Llego a un país cuya historia recorren, como ríos a veces ocultos y siempre caudalosos, tres realidades que unas veces se encuentran y otras revelan sus diferencias complementarias, sin jamás confundirse del todo: la antigua y rica sensibilidad de los pueblos indígenas que amaron Juan de Zumárraga y Vasco de Quiroga, a quienes muchos de esos pueblos siguen llamando padres; el cristianismo arraigado en el alma de los mexicanos; y la moderna racionalidad, de corte europeo, que tanto ha querido enaltecer la independencia y la libertad. Sé que no son pocas las mentes clarividentes que se esfuerzan en que estas corrientes de pensamiento y de cultura consigan conjugar mejor sus caudales mediante el diálogo, el desarrollo sociocultural y la voluntad de construir un futuro mejor.

Vengo a Ustedes, mexicanos de todas las clases y condiciones sociales, y a Ustedes, hermanos del Continente americano, para saludarles en nombre de Cristo: el Dios que se hizo hombre para que todos los hombres pudieran tomar conciencia de su llamada a la filiación divina en Cristo. Junto con mis hermanos Obispos de México y de toda América, vengo a postrarme ante la tilma del Beato Juan Diego. Pediré a Santa María de Guadalupe, al final de un milenio fecundo y atormentado, que el próximo sea un milenio en el que en México, en América y en el mundo entero se abran vías seguras de fraternidad y de paz.

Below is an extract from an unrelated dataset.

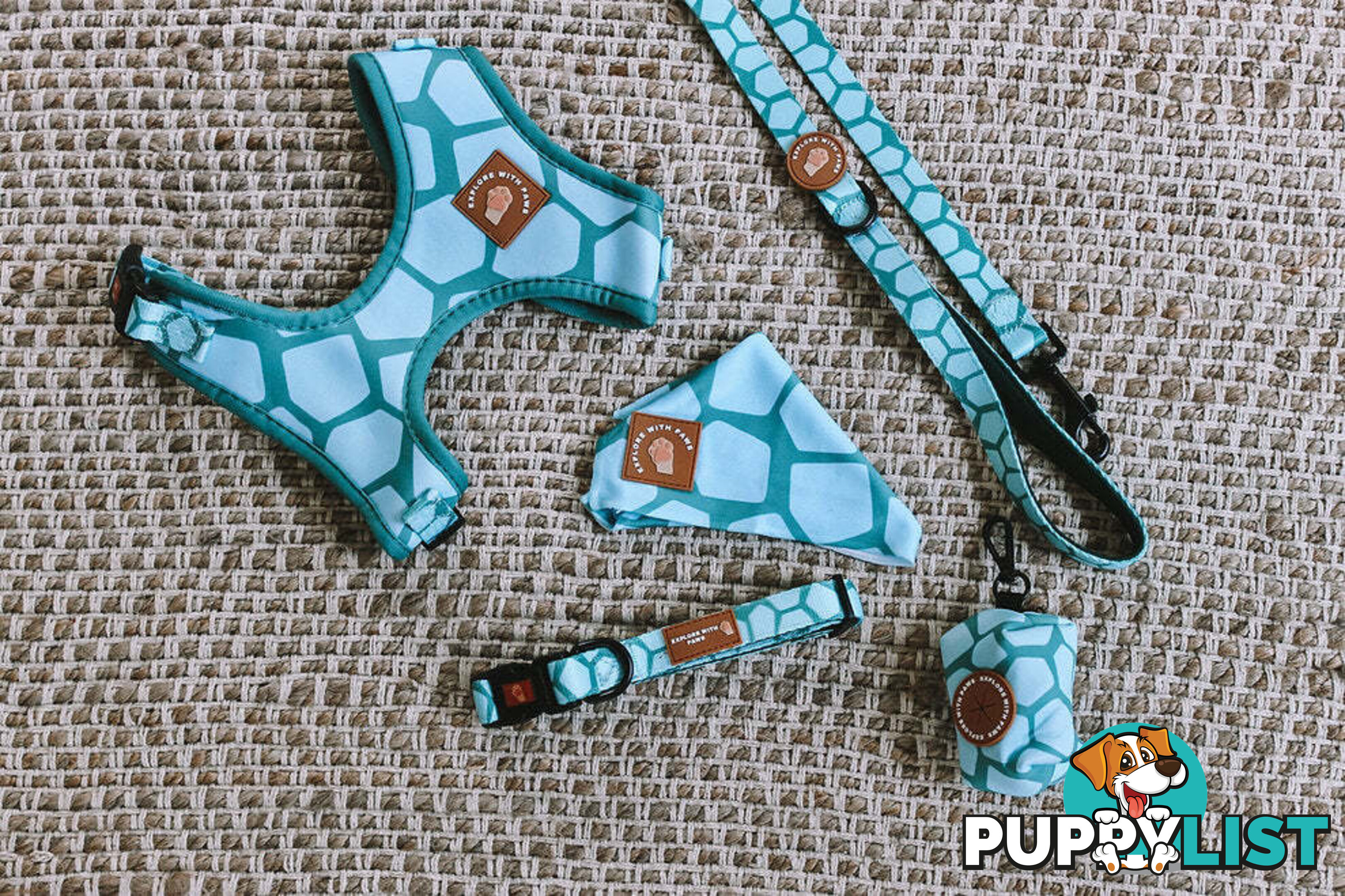 Designer Dog Collars by Explore with Paws - EWPCOLMTIGN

Fraternidad y paz que en Jesucristo pueden encontrar bases seguras y espaciosos caminos de progreso. Con la paz de Cristo, deseo a los mexicanos éxito en la búsqueda de la concordia entre todos, ya que constituyen una gran Nación que los hermana.

4. Sintiéndome ya postrado ante la Morenita del Tepeyac, Reina de México y Emperatriz de América, desde este momento encomiendo a sus maternos cuidados los destinos de esta Nación y de todo el Continente. Que el nuevo siglo y el nuevo milenio favorezcan un renacer general bajo la mirada de Cristo, vida y esperanza nuestra, que nos ofrece siempre los caminos de fraternidad y de sana convivencia humana. Que Santa María de Guadalupe ayude a México y América a caminar unidos por esas sendas seguras y llenas de luz.